Ce groupe de filles, les plus vieilles du foyer,  que j’ai fini par surnommer les « mamans », étaient de véritables terreurs. Elles étaient au sommet de la hiérarchie. Je ne sais pas trop pourquoi mais elles m’ont prise sous leurs ailes.

Ça s’est passé très vite. Je venais à peine d’avoir 15 ans et d’être placée dans un foyer où il n’y avait que des jeunes filles entre 11 et 18 ans. Quand j’ai déballé mes affaires, j’ai tout de suite senti que l’ambiance n’était pas bon enfant. Les regards noirs et les messes basses des autres pensionnaires lors de ma première visite, je m’en souviens comme si c’était hier. Je suis restée environ trois ans.

Très rapidement, ces filles m’ont expliqué qu’il y avait certaines règles à respecter ici : interdiction de partir en fugue sans prévenir les « mamans », surveiller les plus jeunes, ne pas s’en prendre aux chouchoutes des plus grandes, toujours intervenir lors de disputes pour défendre le groupe, ne rien dire aux éducateurs. Ensuite, j’ai dû recevoir un seau d’eau froide sur la tête en guise de bizutage. C’est comme ça que je suis devenue l’une des leurs.

Plaies et os cassés

Si les menaces verbales ne suffisaient pas, on passait à l’action. La plupart du temps, ça s’arrêtait à de simples bleus ou des griffures. Dans les cas les plus violents, ça pouvait aller jusqu’à des plaies ou des os cassés. Les éducateurs étaient totalement perdus ou dépassés. Ils ont bien essayé de mettre en place des sanctions comme nous priver de sortie, confisquer nos téléphones ou nous convoquer chez la cheffe adjointe. Mais il fallait vraiment pousser le bouchon pour en arriver là. 
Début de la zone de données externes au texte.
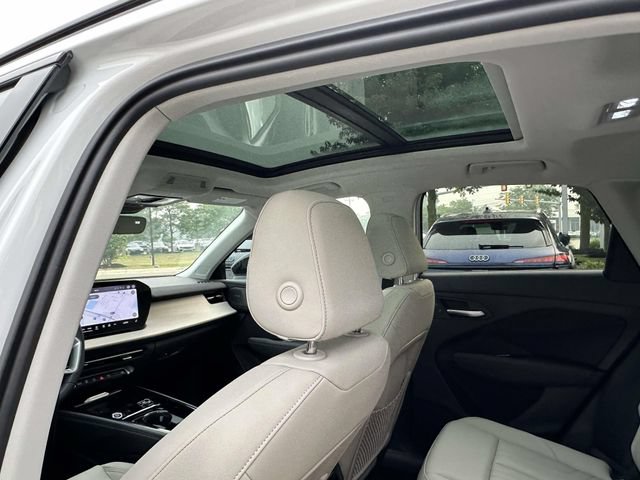 New 2026 Audi Q3 quattro 2.0T AWD/4WD image 7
C’est simple, c’était la jungle. Pour moi, cet endroit symbolisait à la fois une liberté illimitée, parce qu’il n’y avait pas de réelle autorité face à nous, et un combat constant contre les autres filles pour rester en haut de cette chaîne alimentaire. Au foyer, on peut facilement tomber en dépression et lâcher à l’école ou pour la recherche d’emploi. Sous l’effet de groupe, on peut aussi faire des choses illégales comme vendre des produits illicites ou sombrer dans la drogue. 

Intouchable

Pour moi, faire partie des filles haut placées, c’était un gage de sécurité. Je pouvais imposer le respect et la terreur. J’étais intouchable. Puis, il y a eu la fois de trop. Poussée par certains éducateurs, une fille avec qui j’avais eu plusieurs accrochages a décidé de porter plainte. Ce qui m’a valu un sursis de trois ans. Se tenir à carreaux n’a pas été très compliqué quand on sait que si on recommence, c’est la case prison qui nous attend. À ce moment-là, j’ai pris conscience que mes actes pouvaient avoir des conséquences graves pour moi et pour la personne qui subit les violences. J’ai donc stoppé mes conneries. 

Aujourd’hui, je vis à Roubaix dans un magnifique appartement avec mon copain. Je n’ai gardé contact qu’avec une seule des « mamans », Nono. Elle a sa vie de famille, on prend de nos nouvelles de temps en temps mais, forcément, nos rapports ne sont plus les mêmes qu’à l’époque du foyer. 

Quand je repense à tout ça, je me rends compte de mon manque de maturité à l’époque et de la facilité avec laquelle on peut se laisser entraîner dans la violence. C’est plus facile de s’occuper des problèmes des autres que d’apprendre à faire face aux siens. Aujourd’hui, j’ai changé. Je suis plus calme. Plus posée. J’ai plus confiance en moi. Je suis à l’écoute des autres. Et j’ai compris que la violence ne résout rien. Au contraire ! 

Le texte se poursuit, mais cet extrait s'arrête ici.